The male lay followers were grieved and upset in much the same way. They then took what they had brought and put it all in one place, withdrew, sat off to one side in silence.“ Traduction de Mark L. Blum


[3] Traduit de l’anglais :
“Excellent! Excellent! I will now indeed remove this poverty for you. The rain of the unsurpassed dharma will fall upon your karmic field, bringing forth a dharma sprout. What you seek in me is life, form, power, serenity, and lucidity. I will indeed provide you with continual life, form, power, serenity, and unimpeded lucidity. How? Cunda, donating nourishment [as you have done] will have two karmic rewards that are indistinguishable. What are these two?

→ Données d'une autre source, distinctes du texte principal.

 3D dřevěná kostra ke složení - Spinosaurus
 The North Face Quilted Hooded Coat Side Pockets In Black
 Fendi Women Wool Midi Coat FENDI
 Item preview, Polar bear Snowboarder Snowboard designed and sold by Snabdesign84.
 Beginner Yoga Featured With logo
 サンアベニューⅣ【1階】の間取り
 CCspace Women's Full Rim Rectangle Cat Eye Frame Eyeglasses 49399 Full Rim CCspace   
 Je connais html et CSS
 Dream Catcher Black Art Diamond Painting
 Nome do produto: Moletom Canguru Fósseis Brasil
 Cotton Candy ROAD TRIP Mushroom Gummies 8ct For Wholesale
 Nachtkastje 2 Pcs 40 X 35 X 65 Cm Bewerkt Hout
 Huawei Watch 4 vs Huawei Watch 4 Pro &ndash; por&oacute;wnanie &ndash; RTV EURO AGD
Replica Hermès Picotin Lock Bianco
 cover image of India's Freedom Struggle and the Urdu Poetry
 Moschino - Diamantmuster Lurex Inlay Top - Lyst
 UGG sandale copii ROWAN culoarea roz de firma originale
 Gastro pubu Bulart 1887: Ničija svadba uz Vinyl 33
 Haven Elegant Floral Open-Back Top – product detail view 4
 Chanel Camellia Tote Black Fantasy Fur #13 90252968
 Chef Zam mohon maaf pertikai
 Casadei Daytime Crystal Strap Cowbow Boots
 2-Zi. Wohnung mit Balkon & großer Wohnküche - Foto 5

First is that after the donation is accepted, [the donor] attains anuttarā samyaksaṃbodhi. Second is that after the donation is accepted, [the donor] enters nirvāṇa. I now accept this last offering from you, and [thereby] bring you to the completion of the perfection of charity (dāna-pāramitā).“ Traduction de Mark L. Blum

Version tibétaine :

37/38 /legs so legs so/ ngas khyod kyi dbul phongs pa med pa dang bla na med pa’i chos kyi char khyod kyi lus la dbab cing chos kyi myu gu skye bar bya’o/ /khyod ni da lta tshe dang*/ mdog dang*/ stobs dang*/ bde ba dang*/ thogs pa med pa’i so sor yang dag par shes pa thob par ‘dod de/ ngas khyod la tshe dang*/ mdog dang*/ stobs dang*/ bde ba dang*/ thogs pa med pa’i so sor yang dag par shes pa rtag tu sbyin no/ /de ci phyir zhe na/ tsunda zas kyi sbyin pa byin pas khyad par med pa’i ‘bras bu rnam pa gnyis thob par ‘gyur ro/ gnyis gang zhe na/ bzhes nas bla na med pa yang dag par rdzogs pa’i byang chub thob pa dang*/ bzhes nas yongs su mya ngan las ‘da’ bar ‘gyur ba’o/ ngas kyang khyod kyi mchod pa nang gi tha ma ‘di bzhes pas khyod kyi sbyin pa’i pha rol tu phyin pa yongs su rdzogs par gyur te/

Ce que Blum traduit en anglais par "form" correspond à mdog en tibétain. Ce mot signifie couleur, apparence, y compris dans le sens de caste.